*** MATERIAL PROVIDED Section Begins ***

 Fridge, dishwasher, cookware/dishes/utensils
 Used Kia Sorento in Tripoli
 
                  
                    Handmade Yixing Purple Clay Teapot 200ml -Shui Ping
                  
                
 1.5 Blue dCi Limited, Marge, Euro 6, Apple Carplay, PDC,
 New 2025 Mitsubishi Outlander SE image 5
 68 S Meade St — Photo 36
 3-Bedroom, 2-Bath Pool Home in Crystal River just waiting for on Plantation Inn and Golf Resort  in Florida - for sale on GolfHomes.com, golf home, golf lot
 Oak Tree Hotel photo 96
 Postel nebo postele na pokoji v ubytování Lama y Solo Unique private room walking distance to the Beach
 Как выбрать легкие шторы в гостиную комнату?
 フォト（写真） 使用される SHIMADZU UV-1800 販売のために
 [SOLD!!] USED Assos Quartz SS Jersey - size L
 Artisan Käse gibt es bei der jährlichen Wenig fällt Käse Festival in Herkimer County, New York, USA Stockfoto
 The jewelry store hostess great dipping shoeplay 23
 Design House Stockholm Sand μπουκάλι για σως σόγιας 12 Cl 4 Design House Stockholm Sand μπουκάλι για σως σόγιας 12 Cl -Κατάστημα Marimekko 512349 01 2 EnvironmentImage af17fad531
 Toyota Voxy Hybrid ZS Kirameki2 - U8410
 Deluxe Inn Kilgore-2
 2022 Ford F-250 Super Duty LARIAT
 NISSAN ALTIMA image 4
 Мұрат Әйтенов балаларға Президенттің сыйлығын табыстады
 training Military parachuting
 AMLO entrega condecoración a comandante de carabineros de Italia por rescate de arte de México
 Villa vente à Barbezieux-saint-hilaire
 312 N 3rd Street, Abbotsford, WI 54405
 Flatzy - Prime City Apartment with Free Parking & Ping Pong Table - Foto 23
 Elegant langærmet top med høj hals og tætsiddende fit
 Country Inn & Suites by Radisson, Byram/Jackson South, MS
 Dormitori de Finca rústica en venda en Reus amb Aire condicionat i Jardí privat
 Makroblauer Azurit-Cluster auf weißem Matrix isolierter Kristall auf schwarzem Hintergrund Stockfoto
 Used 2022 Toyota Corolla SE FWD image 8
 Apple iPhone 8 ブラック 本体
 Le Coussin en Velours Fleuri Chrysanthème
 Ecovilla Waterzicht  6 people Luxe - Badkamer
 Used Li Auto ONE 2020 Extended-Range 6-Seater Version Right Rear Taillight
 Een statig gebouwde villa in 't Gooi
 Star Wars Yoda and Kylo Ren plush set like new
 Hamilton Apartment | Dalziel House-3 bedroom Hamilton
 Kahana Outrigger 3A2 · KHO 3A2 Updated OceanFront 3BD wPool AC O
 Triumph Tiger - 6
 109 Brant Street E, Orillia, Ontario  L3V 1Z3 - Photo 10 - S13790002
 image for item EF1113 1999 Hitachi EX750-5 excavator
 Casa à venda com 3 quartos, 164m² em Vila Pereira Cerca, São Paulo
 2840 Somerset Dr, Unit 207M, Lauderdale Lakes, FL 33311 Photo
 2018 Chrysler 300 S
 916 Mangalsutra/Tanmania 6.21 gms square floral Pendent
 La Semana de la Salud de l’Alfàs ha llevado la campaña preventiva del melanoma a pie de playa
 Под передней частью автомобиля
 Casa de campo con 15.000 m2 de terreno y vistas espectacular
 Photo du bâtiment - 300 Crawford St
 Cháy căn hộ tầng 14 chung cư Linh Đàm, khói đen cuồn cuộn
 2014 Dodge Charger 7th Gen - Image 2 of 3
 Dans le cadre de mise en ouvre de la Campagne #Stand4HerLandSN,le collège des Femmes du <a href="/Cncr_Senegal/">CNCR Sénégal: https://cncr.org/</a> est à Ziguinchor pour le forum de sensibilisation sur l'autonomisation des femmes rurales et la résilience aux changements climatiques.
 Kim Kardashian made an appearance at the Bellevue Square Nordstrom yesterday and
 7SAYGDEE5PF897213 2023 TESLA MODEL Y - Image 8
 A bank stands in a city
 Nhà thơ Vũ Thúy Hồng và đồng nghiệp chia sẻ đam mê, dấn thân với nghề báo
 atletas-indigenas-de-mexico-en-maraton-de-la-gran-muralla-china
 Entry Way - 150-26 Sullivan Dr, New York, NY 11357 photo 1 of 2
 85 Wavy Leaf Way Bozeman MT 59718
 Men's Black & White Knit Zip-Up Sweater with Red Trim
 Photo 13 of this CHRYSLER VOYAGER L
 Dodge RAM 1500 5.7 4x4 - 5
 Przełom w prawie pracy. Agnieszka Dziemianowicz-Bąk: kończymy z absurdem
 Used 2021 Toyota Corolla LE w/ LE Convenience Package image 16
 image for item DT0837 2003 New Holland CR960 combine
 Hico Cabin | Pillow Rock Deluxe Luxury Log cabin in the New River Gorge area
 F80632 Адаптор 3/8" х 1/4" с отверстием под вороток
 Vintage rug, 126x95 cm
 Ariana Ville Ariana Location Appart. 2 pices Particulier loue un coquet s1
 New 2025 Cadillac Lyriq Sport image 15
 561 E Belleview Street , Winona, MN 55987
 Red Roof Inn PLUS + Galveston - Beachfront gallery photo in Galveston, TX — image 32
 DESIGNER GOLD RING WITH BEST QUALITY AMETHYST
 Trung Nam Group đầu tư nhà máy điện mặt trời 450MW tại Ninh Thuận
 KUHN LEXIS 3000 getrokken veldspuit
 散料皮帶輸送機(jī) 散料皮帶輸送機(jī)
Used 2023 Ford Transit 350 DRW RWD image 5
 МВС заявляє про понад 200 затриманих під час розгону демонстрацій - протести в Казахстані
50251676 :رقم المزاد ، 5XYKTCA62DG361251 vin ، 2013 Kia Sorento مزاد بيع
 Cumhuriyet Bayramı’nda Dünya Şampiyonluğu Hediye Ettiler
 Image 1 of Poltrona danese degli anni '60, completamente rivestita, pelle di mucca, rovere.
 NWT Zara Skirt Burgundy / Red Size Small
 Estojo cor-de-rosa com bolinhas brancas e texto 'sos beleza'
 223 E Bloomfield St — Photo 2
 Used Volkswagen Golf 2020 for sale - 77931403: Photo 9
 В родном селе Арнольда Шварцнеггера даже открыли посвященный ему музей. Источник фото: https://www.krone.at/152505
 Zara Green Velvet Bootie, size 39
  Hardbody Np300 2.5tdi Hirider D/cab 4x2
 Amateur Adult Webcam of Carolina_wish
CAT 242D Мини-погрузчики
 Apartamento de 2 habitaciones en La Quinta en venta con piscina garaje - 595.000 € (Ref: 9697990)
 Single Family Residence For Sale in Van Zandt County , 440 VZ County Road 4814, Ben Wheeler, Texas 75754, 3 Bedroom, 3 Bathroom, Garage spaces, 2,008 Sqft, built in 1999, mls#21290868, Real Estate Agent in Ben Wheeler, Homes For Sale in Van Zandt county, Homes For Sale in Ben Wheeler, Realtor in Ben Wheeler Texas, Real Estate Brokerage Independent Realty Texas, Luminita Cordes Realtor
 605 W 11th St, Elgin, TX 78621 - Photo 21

*** MATERIAL PROVIDED Section Ends ***

PROBLEM DESCRIPTION
All of the data above should be output exactly.

WRITTEN REPLY
 Fridge, dishwasher, cookware/dishes/utensils
 Used Kia Sorento in Tripoli
 
                  
                    Handmade Yixing Purple Clay Teapot 200ml -Shui Ping
                  
                
 1.5 Blue dCi Limited, Marge, Euro 6, Apple Carplay, PDC,
 New 2025 Mitsubishi Outlander SE image 5
 68 S Meade St — Photo 36
 3-Bedroom, 2-Bath Pool Home in Crystal River just waiting for on Plantation Inn and Golf Resort  in Florida - for sale on GolfHomes.com, golf home, golf lot
 Oak Tree Hotel photo 96
 Postel nebo postele na pokoji v ubytování Lama y Solo Unique private room walking distance to the Beach
 Как выбрать легкие шторы в гостиную комнату?
 フォト（写真） 使用される SHIMADZU UV-1800 販売のために
 [SOLD!!] USED Assos Quartz SS Jersey - size L
 Artisan Käse gibt es bei der jährlichen Wenig fällt Käse Festival in Herkimer County, New York, USA Stockfoto
 The jewelry store hostess great dipping shoeplay 23
 Design House Stockholm Sand μπουκάλι για σως σόγιας 12 Cl 4 Design House Stockholm Sand μπουκάλι για σως σόγιας 12 Cl -Κατάστημα Marimekko 512349 01 2 EnvironmentImage af17fad531
 Toyota Voxy Hybrid ZS Kirameki2 - U8410
 Deluxe Inn Kilgore-2
 2022 Ford F-250 Super Duty LARIAT
 NISSAN ALTIMA image 4
 Мұрат Әйтенов балаларға Президенттің сыйлығын табыстады
 training Military parachuting
 AMLO entrega condecoración a comandante de carabineros de Italia por rescate de arte de México
 Villa vente à Barbezieux-saint-hilaire
 312 N 3rd Street, Abbotsford, WI 54405
 Flatzy - Prime City Apartment with Free Parking & Ping Pong Table - Foto 23
 Elegant langærmet top med høj hals og tætsiddende fit
 Country Inn & Suites by Radisson, Byram/Jackson South, MS
 Dormitori de Finca rústica en venda en Reus amb Aire condicionat i Jardí privat
 Makroblauer Azurit-Cluster auf weißem Matrix isolierter Kristall auf schwarzem Hintergrund Stockfoto
 Used 2022 Toyota Corolla SE FWD image 8
 Apple iPhone 8 ブラック 本体
 Le Coussin en Velours Fleuri Chrysanthème
 Ecovilla Waterzicht  6 people Luxe - Badkamer
 Used Li Auto ONE 2020 Extended-Range 6-Seater Version Right Rear Taillight
 Een statig gebouwde villa in 't Gooi
 Star Wars Yoda and Kylo Ren plush set like new
 Hamilton Apartment | Dalziel House-3 bedroom Hamilton
 Kahana Outrigger 3A2 · KHO 3A2 Updated OceanFront 3BD wPool AC O
 Triumph Tiger - 6
 109 Brant Street E, Orillia, Ontario  L3V 1Z3 - Photo 10 - S13790002
 image for item EF1113 1999 Hitachi EX750-5 excavator
 Casa à venda com 3 quartos, 164m² em Vila Pereira Cerca, São Paulo
 2840 Somerset Dr, Unit 207M, Lauderdale Lakes, FL 33311 Photo
 2018 Chrysler 300 S
 916 Mangalsutra/Tanmania 6.21 gms square floral Pendent
 La Semana de la Salud de l’Alfàs ha llevado la campaña preventiva del melanoma a pie de playa
 Под передней частью автомобиля
 Casa de campo con 15.000 m2 de terreno y vistas espectacular
 Photo du bâtiment - 300 Crawford St
 Cháy căn hộ tầng 14 chung cư Linh Đàm, khói đen cuồn cuộn
 2014 Dodge Charger 7th Gen - Image 2 of 3
 Dans le cadre de mise en ouvre de la Campagne #Stand4HerLandSN,le collège des Femmes du <a href="/Cncr_Senegal/">CNCR Sénégal: https://cncr.org/</a> est à Ziguinchor pour le forum de sensibilisation sur l'autonomisation des femmes rurales et la résilience aux changements climatiques.
 Kim Kardashian made an appearance at the Bellevue Square Nordstrom yesterday and
 7SAYGDEE5PF897213 2023 TESLA MODEL Y - Image 8
 A bank stands in a city
 Nhà thơ Vũ Thúy Hồng và đồng nghiệp chia sẻ đam mê, dấn thân với nghề báo
 atletas-indigenas-de-mexico-en-maraton-de-la-gran-muralla-china
 Entry Way - 150-26 Sullivan Dr, New York, NY 11357 photo 1 of 2
 85 Wavy Leaf Way Bozeman MT 59718
 Men's Black & White Knit Zip-Up Sweater with Red Trim
 Photo 13 of this CHRYSLER VOYAGER L
 Dodge RAM 1500 5.7 4x4 - 5
 Przełom w prawie pracy. Agnieszka Dziemianowicz-Bąk: kończymy z absurdem
 Used 2021 Toyota Corolla LE w/ LE Convenience Package image 16
 image for item DT0837 2003 New Holland CR960 combine
 Hico Cabin | Pillow Rock Deluxe Luxury Log cabin in the New River Gorge area
 F80632 Адаптор 3/8" х 1/4" с отверстием под вороток
 Vintage rug, 126x95 cm
 Ariana Ville Ariana Location Appart. 2 pices Particulier loue un coquet s1
 New 2025 Cadillac Lyriq Sport image 15
 561 E Belleview Street , Winona, MN 55987
 Red Roof Inn PLUS + Galveston - Beachfront gallery photo in Galveston, TX — image 32
 DESIGNER GOLD RING WITH BEST QUALITY AMETHYST
 Trung Nam Group đầu tư nhà máy điện mặt trời 450MW tại Ninh Thuận
 KUHN LEXIS 3000 getrokken veldspuit
 散料皮帶輸送機(jī) 散料皮帶輸送機(jī)
Used 2023 Ford Transit 350 DRW RWD image 5
 МВС заявляє про понад 200 затриманих під час розгону демонстрацій - протести в Казахстані
50251676 :رقم المزاد ، 5XYKTCA62DG361251 vin ، 2013 Kia Sorento مزاد بيع
 Cumhuriyet Bayramı’nda Dünya Şampiyonluğu Hediye Ettiler
 Image 1 of Poltrona danese degli anni '60, completamente rivestita, pelle di mucca, rovere.
 NWT Zara Skirt Burgundy / Red Size Small
 Estojo cor-de-rosa com bolinhas brancas e texto 'sos beleza'
 223 E Bloomfield St — Photo 2
 Used Volkswagen Golf 2020 for sale - 77931403: Photo 9
 В родном селе Арнольда Шварцнеггера даже открыли посвященный ему музей. Источник фото: https://www.krone.at/152505
 Zara Green Velvet Bootie, size 39
  Hardbody Np300 2.5tdi Hirider D/cab 4x2
 Amateur Adult Webcam of Carolina_wish
CAT 242D Мини-погрузчики
 Apartamento de 2 habitaciones en La Quinta en venta con piscina garaje - 595.000 € (Ref: 9697990)
 Single Family Residence For Sale in Van Zandt County , 440 VZ County Road 4814, Ben Wheeler, Texas 75754, 3 Bedroom, 3 Bathroom, Garage spaces, 2,008 Sqft, built in 1999, mls#21290868, Real Estate Agent in Ben Wheeler, Homes For Sale in Van Zandt county, Homes For Sale in Ben Wheeler, Realtor in Ben Wheeler Texas, Real Estate Brokerage Independent Realty Texas, Luminita Cordes Realtor
 605 W 11th St, Elgin, TX 78621 - Photo 21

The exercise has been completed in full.